The vigorous development of electric vehicles (EVs) can get rid of the environmental damage and dependence on petroleum resources caused by conventional petrol vehicles [1]. Without the guidance of basic policies or related regulations to guide the charging behavior of EV owners, the time and space required for charging EVs will be uncertain under the influence of seasonal and geographical factors [2]. Uncoordinated charging behavior can directly affect the magnitude of electric load fluctuations in local areas, increase the cost of power system operation [3], and reduce the utilization of fossil fuels.

The rapid development of wind and photovoltaic (PV) power generation on the supply side of the power system has become a common development trend worldwide. However, the energy supply side, whether wind or PV power generation technology, can be equally affected by seasonal and geographical factors, etc. Electricity supply has inherent characteristics, such as unstable supply, low energy density, and difficulty in accurate prediction. These uncertainties can put great pressure on the grid’s supply-side dispatching capabilities [4][5].
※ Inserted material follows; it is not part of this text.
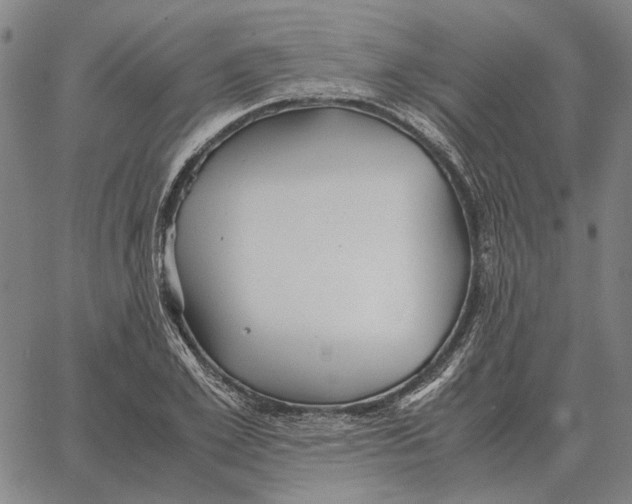 X0000062650981200601181805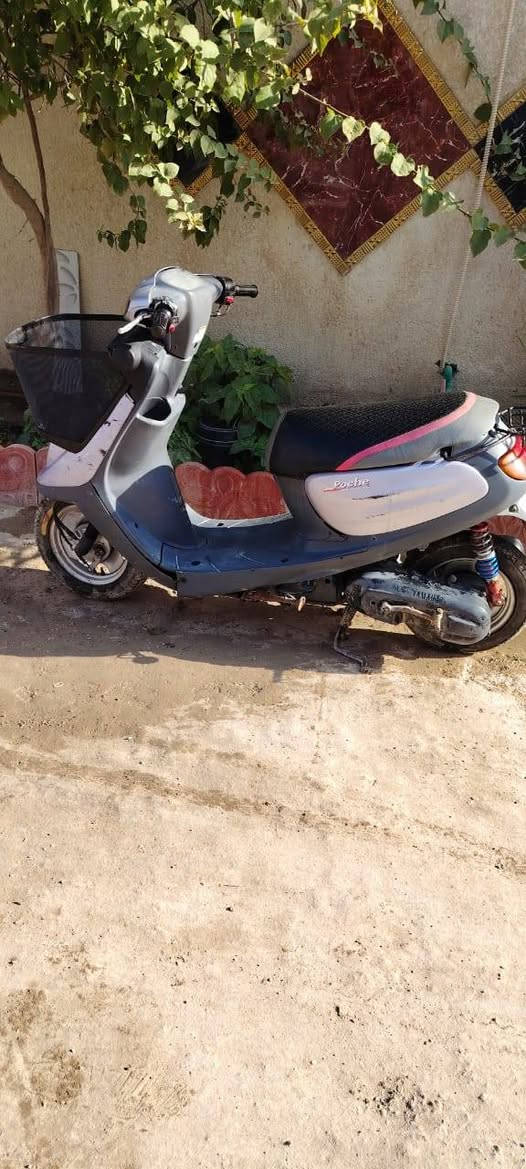 دراجه منغولي حلوه ونضيفه ماناقصها شي للبيع الاتصال على الرقم ***********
In the future, if we want to make the power system run smoothly and realize the steady transition of energy production methods from traditional thermal power generation to wind and PV power generation, we must solve the above two kinds of uncertainties. One is the uncertainty of the charging time on the electricity consumption side, and the other is the uncertainty of the power generation capacity on the generation side affected by environmental factors. In essence, it is to solve the mismatch between the supply and demand time of the two, which can improve energy utilization and reduce power storage and transportation costs [6].

Vehicle-to-grid (V2G) is the inevitable trend of low-carbon energy transition and the key to solving the above two problems. The current research focuses on unidirectional V2G, i.e., coordinated charging mode. Unidirectional scheduling of EVs’ charging to consume excess power can help the grid shave peaks and fill valleys, achieving a win-win situation.

The demand-side energy management strategies include pricing approaches [7]. Specifically, the aggregators or EV owners can shift their load according to the announced electricity price mechanism designed by the utility grid, and the total load curves can then be regulated accordingly [8][9]. The application of time-of-use (TOU) charging pricing to guide EV owners’ charging behavior in the world is mostly at the stage of static TOU prices [8][10]. In China, for example, most of the current urban residential electricity consumption is charged by sectional tiered prices. The industrial sector divides prices by seasons and fixed hours, dividing different periods of different seasons into peak hours, flat hours, and valley hours. However, it cannot respond quickly to the problem of load fluctuations in the power system due to the weather-related effects of renewable energy generation.

To address the above issues, this study designed a mobile application for cell phones. This application was designed to match the fluctuating load curve of the renewable energy generation system by guiding the charging behavior of EV owners through real-time fluctuating price changes. This means that the renewable energy generation power signal is converted into a price signal in real-time to provide EV owners, guiding them to assist in peak and valley reduction of the power system.

The application connects the beginning of the data stream to the power plant, which outputs the electricity price every two hours based on the weather and the amount of electricity generated. It is published on the application platform as quickly as possible to achieve a real-time presentation of the electricity price for the users. At the same time, the power plant can also give a price forecast based on the forecast weather conditions of the coming week, allowing consumers to choose their future charging times. This format satisfies the new charging model of the electricity system.

2. EV Charging Price Mechanism

The effectiveness of coordinating the charging time of EVs through a price mechanism, thus reducing the load on the power system, has achieved a consensus in most research-based papers [11]. However, multiple research theories exist on specific price-setting methodologies.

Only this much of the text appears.